The adolescent patient has symptoms of meningitis: nuchal rigidity, fever, vomiting, and lethargy. The nurse knows to prepare for the following test:
- A. blood culture.
- B. throat and ear culture.
- C. CAT scan.
- D. lumbar puncture.
Correct Answer: D
Rationale: The symptoms described (nuchal rigidity, fever, vomiting, and lethargy) suggest possible meningitis, which is an inflammation of the meninges, the membranes surrounding the brain and spinal cord. One of the key diagnostic tests for meningitis is a lumbar puncture, also known as a spinal tap. During a lumbar puncture, cerebrospinal fluid (CSF) is collected from the space around the spinal cord and analyzed for signs of infection, inflammation, or other abnormalities. This test helps confirm or rule out a diagnosis of meningitis and identify the specific infectious agent causing the illness. Other tests, such as blood cultures, may also be done to further evaluate the infection, but a lumbar puncture is essential for diagnosing meningitis in this case.
When doing a nutritional assessment on a Hispanic family, the nurse learns that their diet consists mainly of vegetables, legumes, and starches. How should the nurse assess this diet?

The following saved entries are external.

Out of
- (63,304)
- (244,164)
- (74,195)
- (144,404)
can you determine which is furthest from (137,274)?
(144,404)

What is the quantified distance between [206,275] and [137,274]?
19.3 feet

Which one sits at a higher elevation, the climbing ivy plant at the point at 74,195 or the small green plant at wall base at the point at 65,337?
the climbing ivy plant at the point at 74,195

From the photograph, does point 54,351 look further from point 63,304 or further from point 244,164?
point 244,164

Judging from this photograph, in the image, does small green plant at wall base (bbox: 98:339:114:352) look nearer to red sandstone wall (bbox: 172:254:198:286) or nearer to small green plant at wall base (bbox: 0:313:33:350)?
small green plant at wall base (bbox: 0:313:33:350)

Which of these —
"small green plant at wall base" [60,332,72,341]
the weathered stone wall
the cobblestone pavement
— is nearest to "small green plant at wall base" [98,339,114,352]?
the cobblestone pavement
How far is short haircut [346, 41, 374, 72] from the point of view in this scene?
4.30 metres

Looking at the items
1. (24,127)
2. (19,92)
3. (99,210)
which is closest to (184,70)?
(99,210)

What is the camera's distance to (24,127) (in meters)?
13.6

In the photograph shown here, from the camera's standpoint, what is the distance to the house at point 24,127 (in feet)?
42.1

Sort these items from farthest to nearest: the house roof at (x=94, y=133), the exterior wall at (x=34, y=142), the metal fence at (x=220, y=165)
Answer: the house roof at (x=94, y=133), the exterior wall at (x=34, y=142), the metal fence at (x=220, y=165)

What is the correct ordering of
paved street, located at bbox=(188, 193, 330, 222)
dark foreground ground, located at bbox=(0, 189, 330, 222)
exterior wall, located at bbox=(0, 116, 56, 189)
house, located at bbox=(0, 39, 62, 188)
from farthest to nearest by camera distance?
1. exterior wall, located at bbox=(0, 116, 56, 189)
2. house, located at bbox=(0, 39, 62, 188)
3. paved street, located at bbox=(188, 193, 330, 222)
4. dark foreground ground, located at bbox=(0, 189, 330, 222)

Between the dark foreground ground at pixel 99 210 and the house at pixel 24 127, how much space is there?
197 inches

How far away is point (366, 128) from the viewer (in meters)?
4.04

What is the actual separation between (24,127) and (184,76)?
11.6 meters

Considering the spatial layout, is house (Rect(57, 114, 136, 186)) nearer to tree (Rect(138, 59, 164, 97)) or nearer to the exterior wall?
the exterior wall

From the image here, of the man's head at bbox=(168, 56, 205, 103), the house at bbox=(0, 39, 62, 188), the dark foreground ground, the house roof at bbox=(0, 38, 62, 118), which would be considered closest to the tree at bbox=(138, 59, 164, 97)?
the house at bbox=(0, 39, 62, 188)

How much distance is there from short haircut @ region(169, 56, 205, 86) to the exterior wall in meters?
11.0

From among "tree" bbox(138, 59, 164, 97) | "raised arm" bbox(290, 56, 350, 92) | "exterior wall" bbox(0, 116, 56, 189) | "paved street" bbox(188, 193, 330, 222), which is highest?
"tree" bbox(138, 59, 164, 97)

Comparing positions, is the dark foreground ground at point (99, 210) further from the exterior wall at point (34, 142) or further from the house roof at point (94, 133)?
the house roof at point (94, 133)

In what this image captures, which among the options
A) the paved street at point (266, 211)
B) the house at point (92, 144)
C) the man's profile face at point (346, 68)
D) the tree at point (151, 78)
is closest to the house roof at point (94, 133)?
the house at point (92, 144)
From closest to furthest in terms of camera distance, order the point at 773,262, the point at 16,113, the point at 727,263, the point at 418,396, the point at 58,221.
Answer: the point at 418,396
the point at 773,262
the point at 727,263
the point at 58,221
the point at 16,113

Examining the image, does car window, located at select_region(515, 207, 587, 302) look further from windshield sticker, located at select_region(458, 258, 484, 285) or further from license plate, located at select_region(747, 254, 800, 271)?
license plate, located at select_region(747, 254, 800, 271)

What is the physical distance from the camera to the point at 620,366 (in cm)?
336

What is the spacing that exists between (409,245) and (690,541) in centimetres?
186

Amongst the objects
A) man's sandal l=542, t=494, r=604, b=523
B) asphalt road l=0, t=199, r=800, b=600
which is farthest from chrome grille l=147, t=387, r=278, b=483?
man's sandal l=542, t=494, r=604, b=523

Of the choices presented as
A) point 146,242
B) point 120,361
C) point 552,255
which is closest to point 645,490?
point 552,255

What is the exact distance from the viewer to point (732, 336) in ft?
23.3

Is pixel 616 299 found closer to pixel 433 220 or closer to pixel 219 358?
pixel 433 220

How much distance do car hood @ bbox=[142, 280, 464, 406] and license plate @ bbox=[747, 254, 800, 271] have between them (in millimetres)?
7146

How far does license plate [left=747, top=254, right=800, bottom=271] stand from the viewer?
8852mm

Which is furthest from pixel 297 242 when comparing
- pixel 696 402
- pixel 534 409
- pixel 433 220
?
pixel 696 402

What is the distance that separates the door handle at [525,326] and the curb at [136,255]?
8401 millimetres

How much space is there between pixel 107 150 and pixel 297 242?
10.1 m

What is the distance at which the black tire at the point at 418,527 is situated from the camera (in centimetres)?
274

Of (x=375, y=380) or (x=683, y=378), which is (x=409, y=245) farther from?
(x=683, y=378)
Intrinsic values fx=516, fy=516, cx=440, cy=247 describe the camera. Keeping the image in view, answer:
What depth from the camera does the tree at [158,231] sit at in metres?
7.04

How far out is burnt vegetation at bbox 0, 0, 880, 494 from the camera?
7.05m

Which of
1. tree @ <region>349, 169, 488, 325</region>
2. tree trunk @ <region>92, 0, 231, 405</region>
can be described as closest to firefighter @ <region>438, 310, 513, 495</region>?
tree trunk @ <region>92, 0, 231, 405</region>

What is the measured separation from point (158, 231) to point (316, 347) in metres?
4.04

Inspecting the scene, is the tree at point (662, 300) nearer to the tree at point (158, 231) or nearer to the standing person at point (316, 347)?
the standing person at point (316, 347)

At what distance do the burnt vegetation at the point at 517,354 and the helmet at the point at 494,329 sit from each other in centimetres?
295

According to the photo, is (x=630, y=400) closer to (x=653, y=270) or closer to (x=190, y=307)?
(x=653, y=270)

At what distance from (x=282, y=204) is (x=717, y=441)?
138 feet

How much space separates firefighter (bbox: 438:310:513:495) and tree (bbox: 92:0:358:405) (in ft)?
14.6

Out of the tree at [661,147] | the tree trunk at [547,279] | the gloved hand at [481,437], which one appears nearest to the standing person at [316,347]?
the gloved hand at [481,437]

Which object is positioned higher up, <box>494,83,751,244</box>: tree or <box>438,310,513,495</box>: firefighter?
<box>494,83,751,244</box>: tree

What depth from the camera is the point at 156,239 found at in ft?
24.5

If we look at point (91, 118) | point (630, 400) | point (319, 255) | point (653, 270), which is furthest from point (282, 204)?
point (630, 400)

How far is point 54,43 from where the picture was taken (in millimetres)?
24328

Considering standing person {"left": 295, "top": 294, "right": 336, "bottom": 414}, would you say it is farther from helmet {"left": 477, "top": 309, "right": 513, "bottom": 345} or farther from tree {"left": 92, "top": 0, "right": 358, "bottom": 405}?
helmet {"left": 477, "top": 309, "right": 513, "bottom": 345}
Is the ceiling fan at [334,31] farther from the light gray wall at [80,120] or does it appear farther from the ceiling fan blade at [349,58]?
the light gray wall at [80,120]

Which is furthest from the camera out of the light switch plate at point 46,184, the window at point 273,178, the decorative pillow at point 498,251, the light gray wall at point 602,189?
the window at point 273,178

- A. Indicates they live in poverty
- B. Is lacking in protein
- C. May provide sufficient amino acids
- D. Should be enriched with meat and milk
Correct Answer: C
Rationale: The nurse should assess that the diet of the Hispanic family, which consists mainly of vegetables, legumes, and starches, may provide sufficient amino acids. While this diet may lack animal sources of protein commonly found in meat and milk, plant-based foods like legumes and grains can complement each other to provide all essential amino acids necessary for protein synthesis in the body. This combination of foods essentially forms a complete protein source, supporting overall nutritional needs. It's important for the nurse to recognize the potential nutritional value in the diet and offer education on balanced meal planning to ensure adequate protein intake for the family. The assessment should focus on the overall nutrient adequacy and not solely on the presence of specific food items.
The least common late neurologic sequelae that may be encountered post craniospinal irradiation in a 9-year-old child with medulloblastoma is
- A. microcephaly
- B. learning disabilities
- C. cognitive impairment
- D. second malignancy
Correct Answer: D
Rationale: Second malignancy is a rare late effect compared to cognitive and learning impairments.